# Relation of Yahweh to the 3 men in Genesis 18



## Nathan Riese (Sep 29, 2009)

I am confused as to who the three men are and what the relation Yahweh is to them. Yahweh is used in verses 1 and 13, but it's almost like one of the three men is speaking. Can someone help me out? I've been trying a couple commentaries, but no relief. If someone can either explain it well to me or point me to a resource that explains it well, I would be greatly appreciative!


----------



## JTB (Sep 29, 2009)

Nathan Riese said:


> I am confused as to who the three men are and what the relation Yahweh is to them. Yahweh is used in verses 1 and 13, but it's almost like one of the three men is speaking. Can someone help me out? I've been trying a couple commentaries, but no relief. If someone can either explain it well to me or point me to a resource that explains it well, I would be greatly appreciative!
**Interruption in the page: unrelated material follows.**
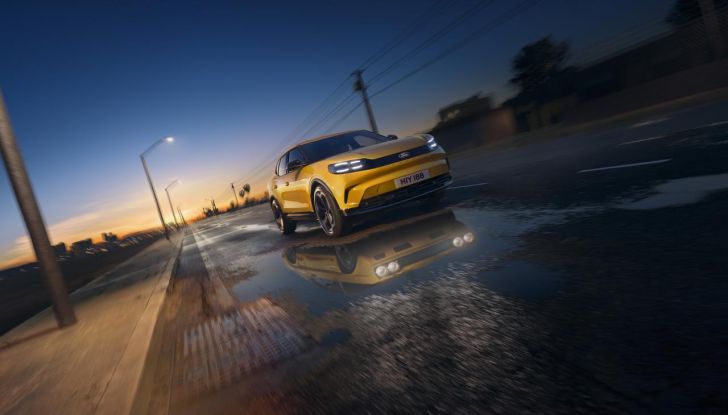 Nuova Ford Capri: caratteristiche, design, abitacolo, motori, versioni e autonomia - Foto 36 di 45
Gordon Clark doesn't answer the question directly, but does discuss the passage in his book on the Trinity. I don't have the book with me at present to reproduce the quotes, but perhaps someone else may oblige, if you don't already possess the volume.

~Joshua


----------



## youthevang (Sep 29, 2009)

By taking into consideration the whole counsel, I think these are three angels that come to represent the trinity, since no man can see God's face and live. Some scriptures that come to mind are:

Ex. 33:18-23
Gal 3:19
Acts 7:53


----------



## au5t1n (Sep 29, 2009)

I think the one that speaks, at least, is the angel of the LORD (i.e. the Son pre-incarnate) and therefore is Yahweh. Not sure who the other two are. Angels? Perhaps important angels?


----------



## discipulo (Sep 29, 2009)

I agree, chapter 18, vs 1 tells us it is a Teophany, and Abraham talks in the singular vs 3 to the Angel of the Covenant, Who bears the Name of God, the Pre Incarnate God the Son.
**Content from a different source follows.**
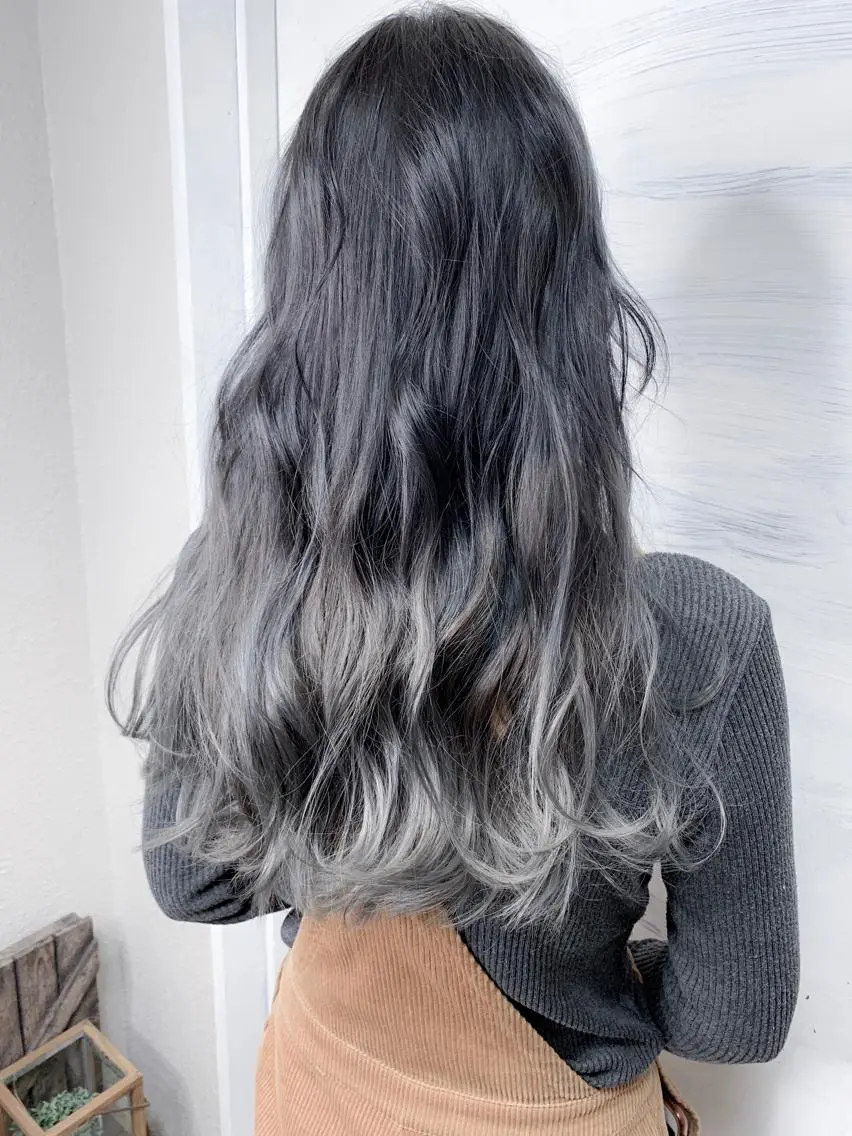 ロング カラー アディクシーカラー バレイヤージュ 黒髪 ブリーチ ブルーカラー ヘアカラー エクステ BOX mico.のヘアスタイル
and we notice that the other 2 characters, are the Angels who go to Sodom on chapter 19


----------



## BobVigneault (Sep 29, 2009)

I think the safest interpretation (and without too much speculation) is to stick to exactly what the text says. These were three messengers in the form of men. The emphasis should not be so much on the messengers and who they were, but rather on the message and judgment that they were bringing. It might help to think of the three as inter dimensional transmitters.

Just as God spoke from a pillar of fire, from a glowing cloud, from a burning bush, through a donkey, in dreams, in the pre-canon history, He is not challenged in His choices for modes of revelation.
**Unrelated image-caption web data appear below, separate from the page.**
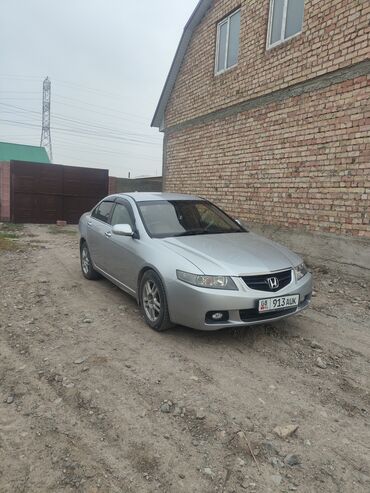 срочно продаю в связи с переездом: Honda Accord: 2002 г., 2 л, Автомат, Бензин, Седан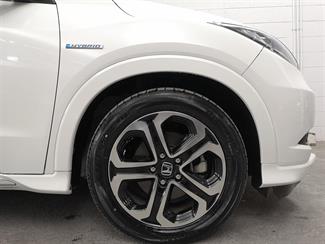2016 Honda Vezel - Thumbnail
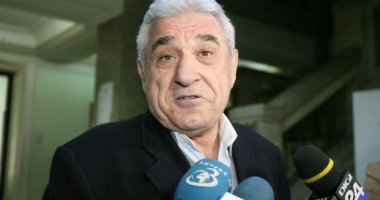 Stire din Politică-Administrație : Ioan Becali a cerut eliberarea pe motive medicale: Nu vreau să mor în penitenciar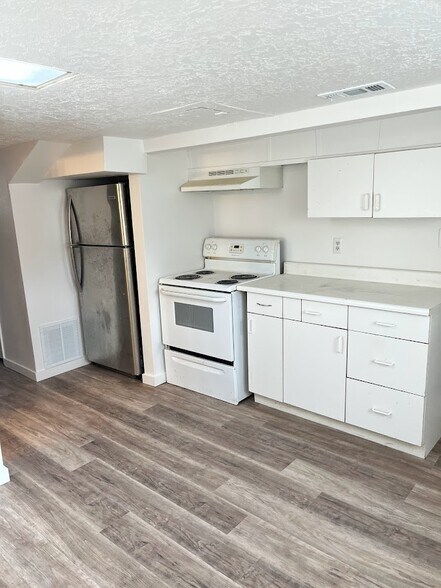 Kitchen - 47-2 E 800 S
One of these messenger was the transmitter for God himself. He spoke as an omniscient sovereign yet Abraham was not seeing God but only the transmitter. These didn't even need to be angels with a past but rather the Lord could simply form these three for this specific purpose. The other two were sent on as agents of God's wrath.

I believe the reason they appeared in the form of man was the same reason Jesus was incarnated, the Lord was showing that he must condescend in order to deal with mankind. "*I will go down* to see whether they have done altogether according to the outcry that has come to me. And if not, I will know.” His language in both condescending and accommodating.


----------



## discipulo (Sep 29, 2009)

BobVigneault said:


> I think the safest interpretation (and without too much speculation) is to stick to exactly what the text says. These were three messengers in the form of men. The emphasis should not be so much on the messengers and who they were, but rather on the message and judgment that they were bringing. It might help to think of the three as inter dimensional transmitters.
> 
> Just as God spoke from a pillar of fire, from a glowing cloud, from a burning bush, through a donkey, in dreams, in the pre-canon history, He is not challenged in His choices for modes of revelation.
> 
> ...



Bob, I am just reading my bible with no commentary aid, so I hope I am not

drawing wrong conclusions here, but wouldn't you say that verse 3, my Lord

with Abraham prostrated on the ground and all the following offerings confers

the context of a clear Divine visitation ?


----------



## Romans922 (Sep 29, 2009)

I would definitely be careful of saying that it was all three persons of the Trinity. I don't think I could be convinced of that fact. There are no other places in Scripture where anyone SEES all three persons of the Trinity. 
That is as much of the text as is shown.